▶ [EXERCISE DETAILS]: Retype the following data exactly, but leave its pictures out.

==*==

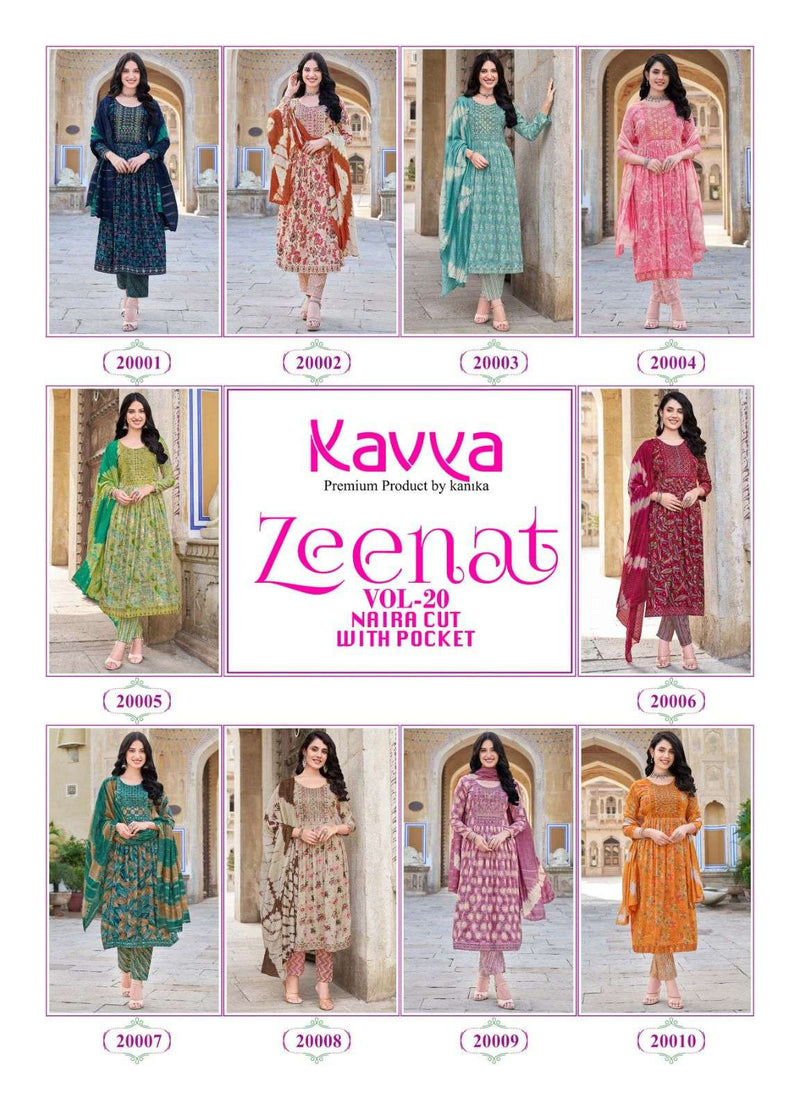 Kavya Zeenat Vol 20 Capsule Foil Print Nayra Cut Kurti Pant Dupatta Set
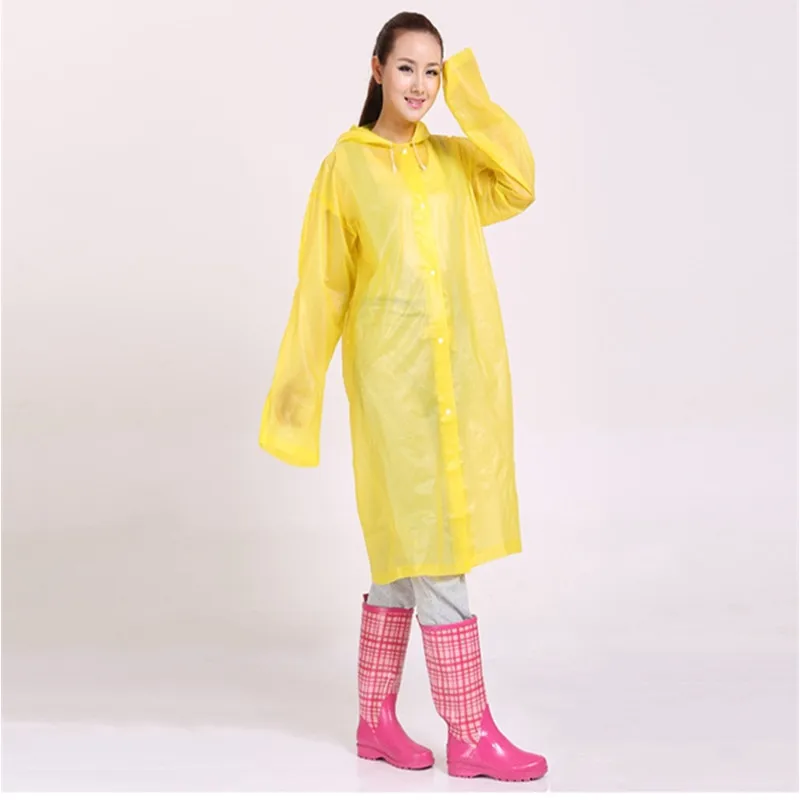 EVA Transparent Raincoat, Portable Outdoor Travel Rainwear, Waterproof Camping Hooded Ponchos, Plastic Rain Cover, Fashion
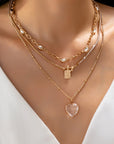 Multi Layered Rhinestone Heart Charm Necklace
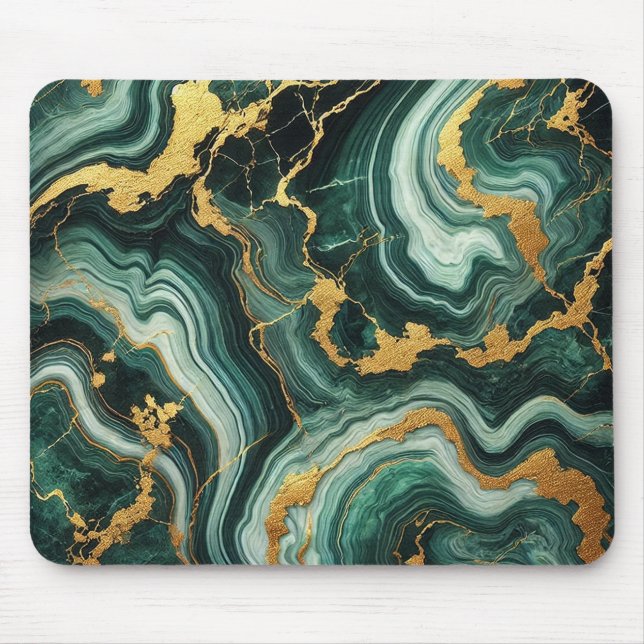 Mousepad Emerald Green & Dourado Marble Look Glam (Frente)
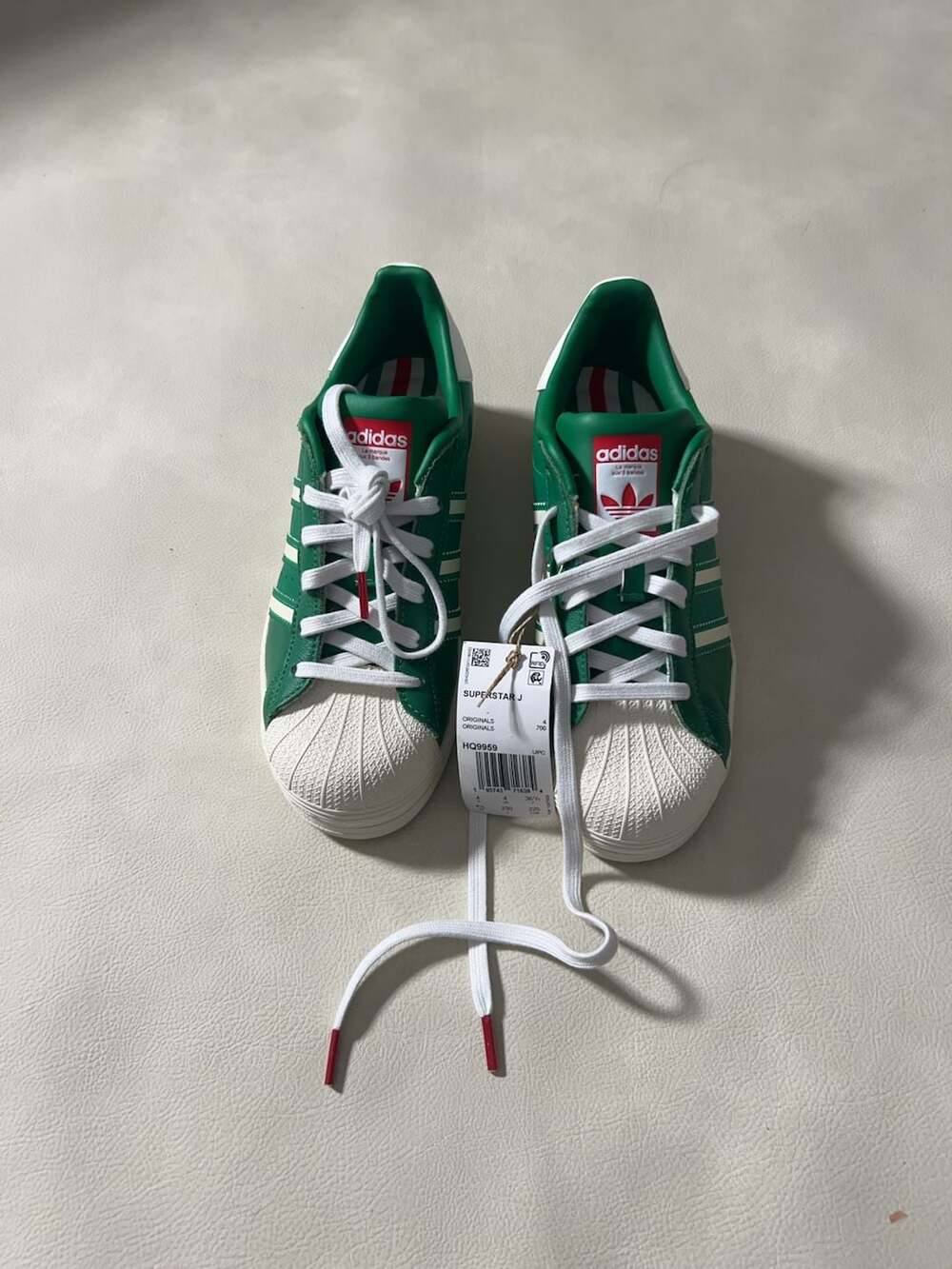 adidas Superstar J Kids Green Off White Shell Toe Sneakers HQ9959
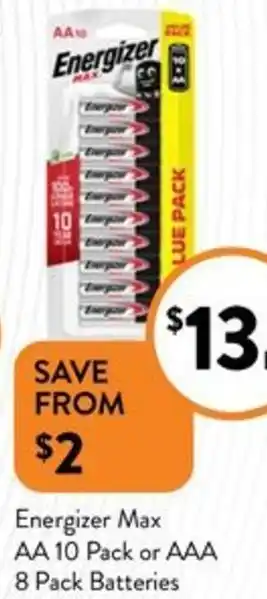 Foodworks Energizer Max AA 10 Pack or AAA 8 Pack Batteries offer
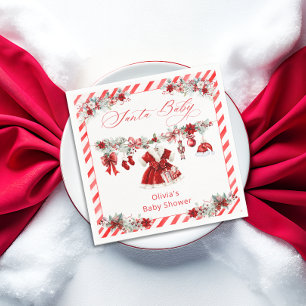 Servilleta De Papel Watercolor Santa Navidades Chica Baby Shower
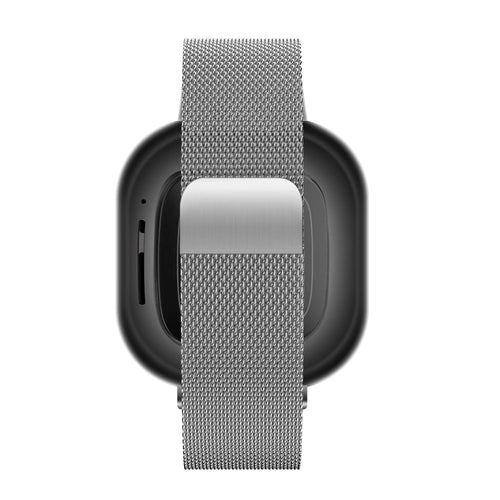 Milanese Loop Strap, silver, on a watch, direct front view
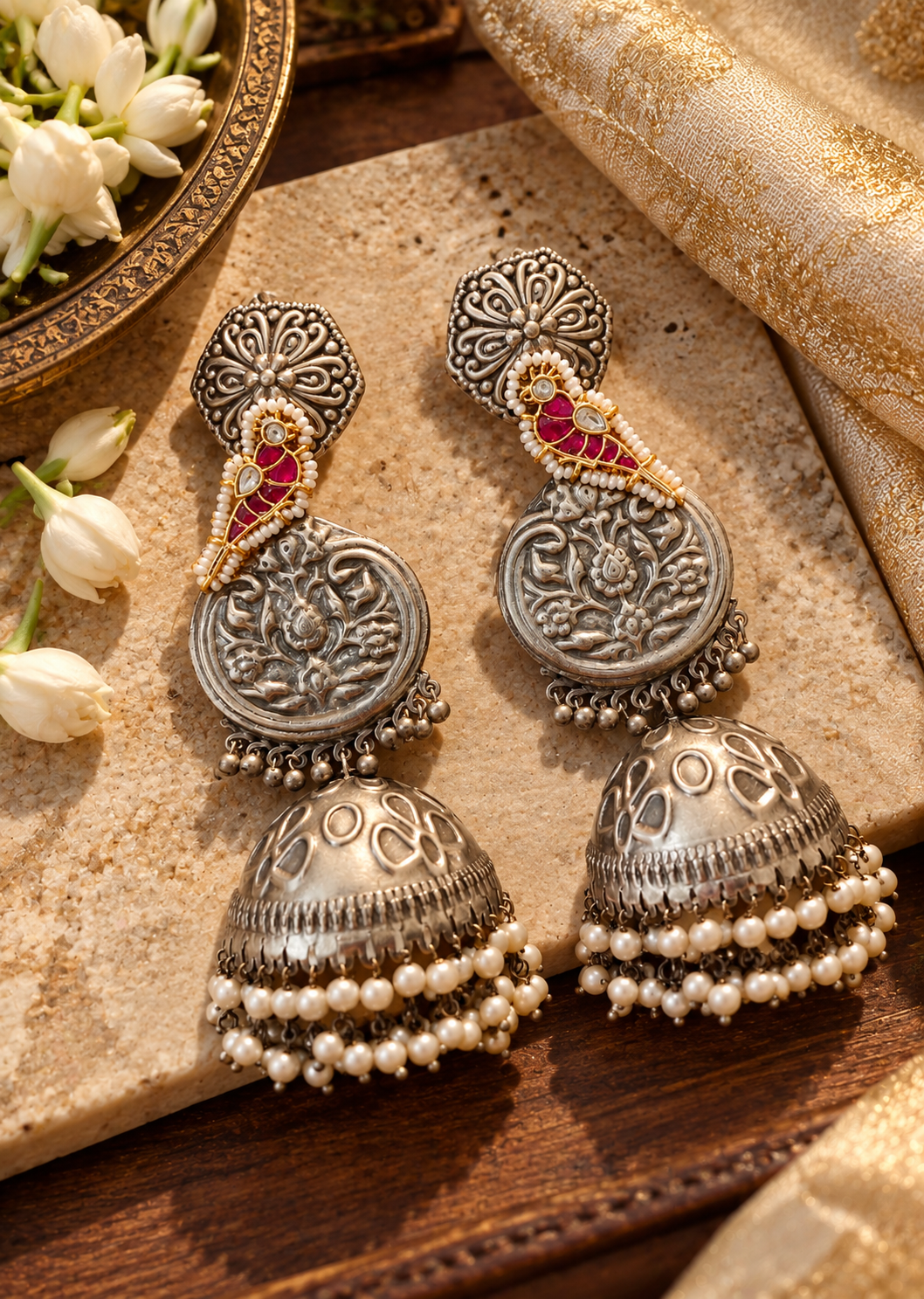 Beautiful Designer Kundan Detailing Long Statement Earrings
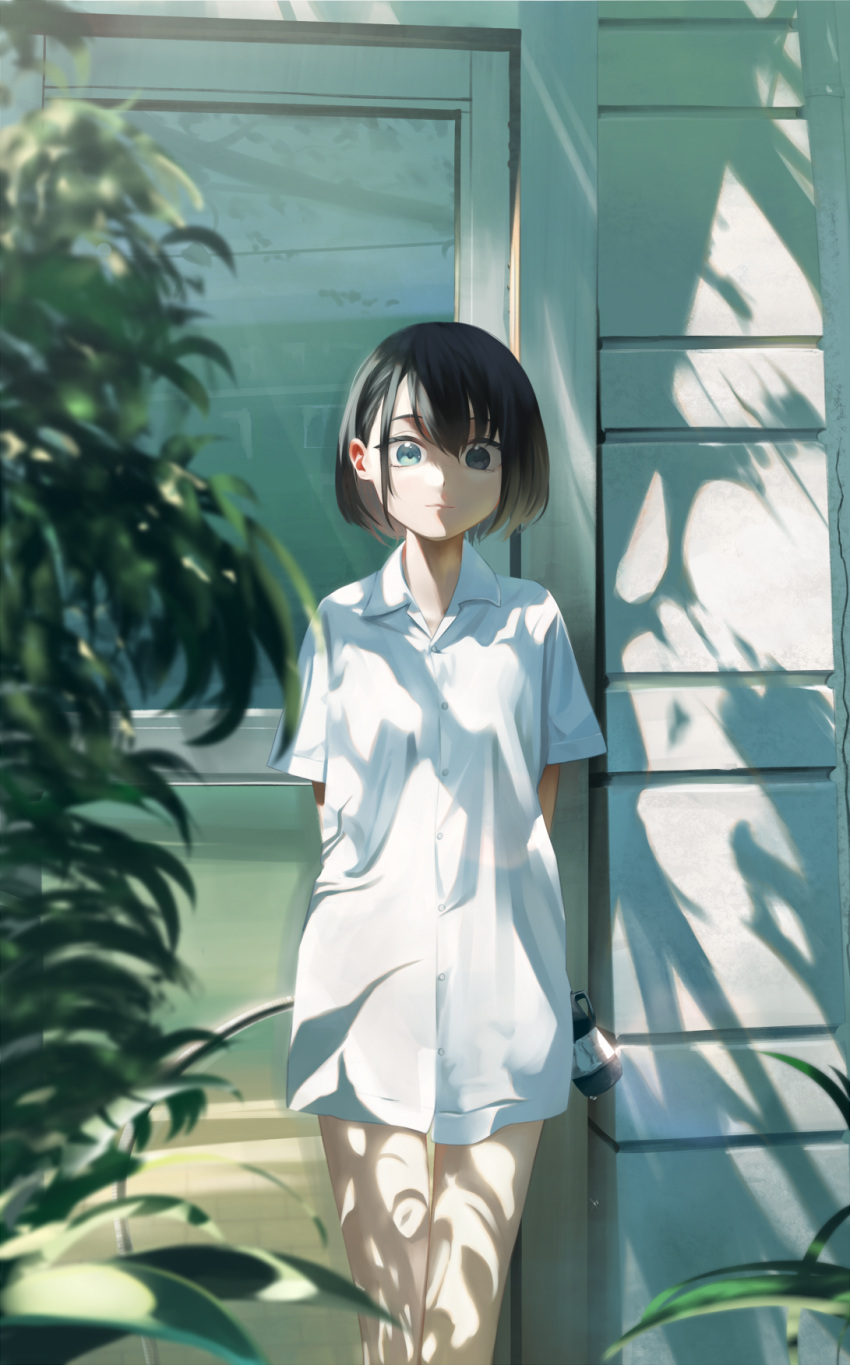 1girl arms_behind_back bangs bare_legs black_hair blue_eyes bob_cut building bush closed_mouth collared_shirt commentary cowboy_shot door english_commentary highres hose light_smile litra_(ltr0312) looking_at_viewer no_pants original outdoors plant shade shirt short_hair short_sleeves solo white_shirt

==*==

▶ [RESPONSE TO THE TASK]:
 Kavya Zeenat Vol 20 Capsule Foil Print Nayra Cut Kurti Pant Dupatta Set
 EVA Transparent Raincoat, Portable Outdoor Travel Rainwear, Waterproof Camping Hooded Ponchos, Plastic Rain Cover, Fashion
 Multi Layered Rhinestone Heart Charm Necklace
 Mousepad Emerald Green & Dourado Marble Look Glam (Frente)
 adidas Superstar J Kids Green Off White Shell Toe Sneakers HQ9959
 Foodworks Energizer Max AA 10 Pack or AAA 8 Pack Batteries offer
 Servilleta De Papel Watercolor Santa Navidades Chica Baby Shower
 Milanese Loop Strap, silver, on a watch, direct front view
 Beautiful Designer Kundan Detailing Long Statement Earrings
 1girl arms_behind_back bangs bare_legs black_hair blue_eyes bob_cut building bush closed_mouth collared_shirt commentary cowboy_shot door english_commentary highres hose light_smile litra_(ltr0312) looking_at_viewer no_pants original outdoors plant shade shirt short_hair short_sleeves solo white_shirt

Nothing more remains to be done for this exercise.